### Provided data
┄┄┄┄┄┄┄┄┄┄┄┄┄┄┄┄┄┄┄┄

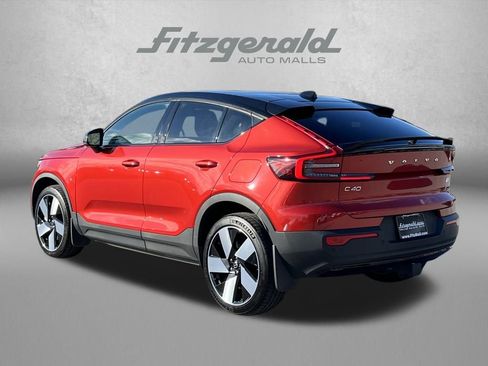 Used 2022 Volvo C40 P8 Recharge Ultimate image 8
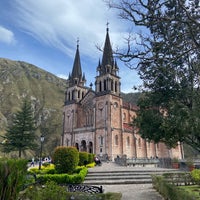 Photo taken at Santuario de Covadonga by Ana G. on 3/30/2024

┄┄┄┄┄┄┄┄┄┄┄┄┄┄┄┄┄┄┄┄

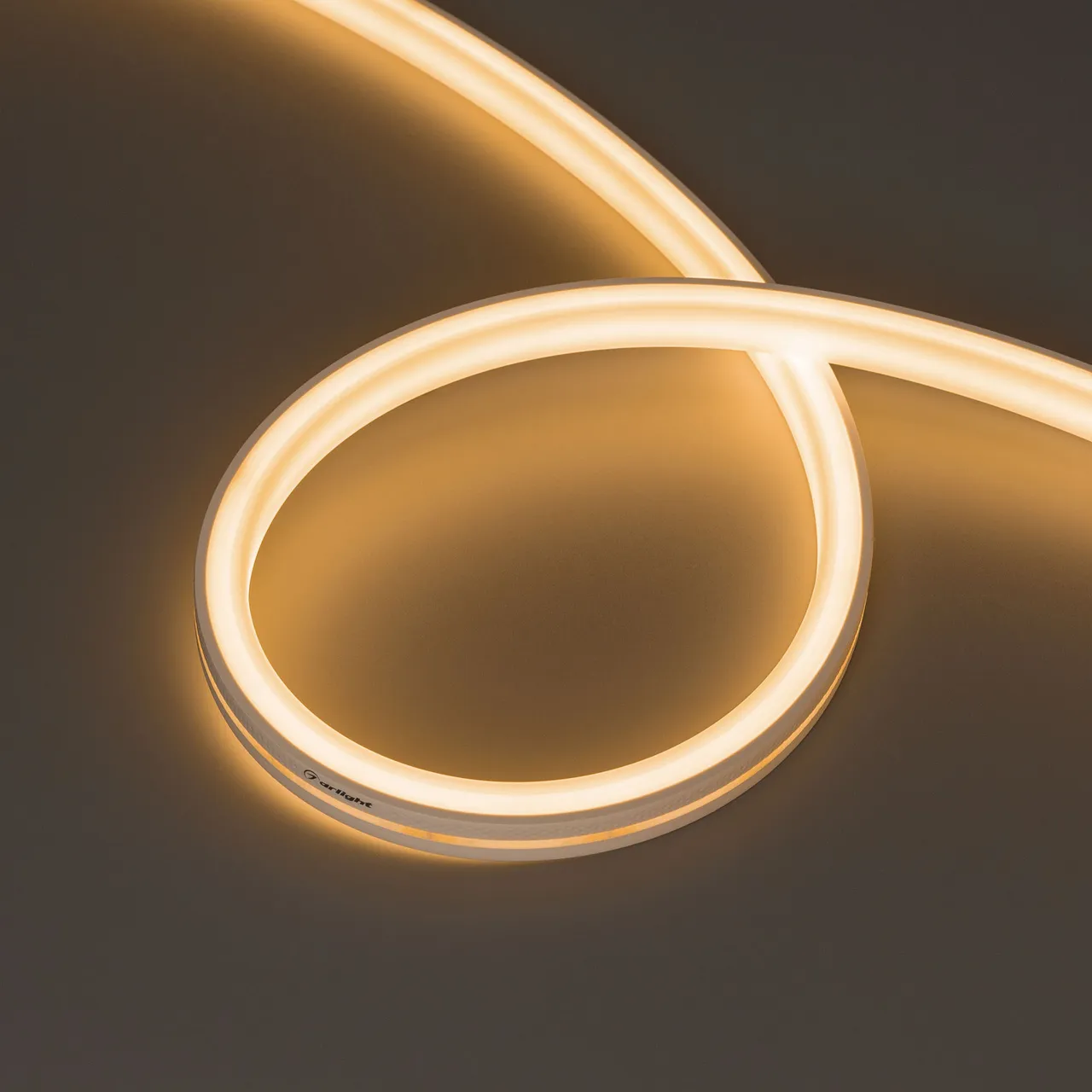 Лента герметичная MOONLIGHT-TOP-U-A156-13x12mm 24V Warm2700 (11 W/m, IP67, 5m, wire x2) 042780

┄┄┄┄┄┄┄┄┄┄┄┄┄┄┄┄┄┄┄┄

### About this task
Starting with the line that has "Used 2022 Volvo" and going on through the line that has "Photo taken at", transcribe the records above exactly, but skip the pictures.

### Result
 Used 2022 Volvo C40 P8 Recharge Ultimate image 8
 Photo taken at Santuario de Covadonga by Ana G. on 3/30/2024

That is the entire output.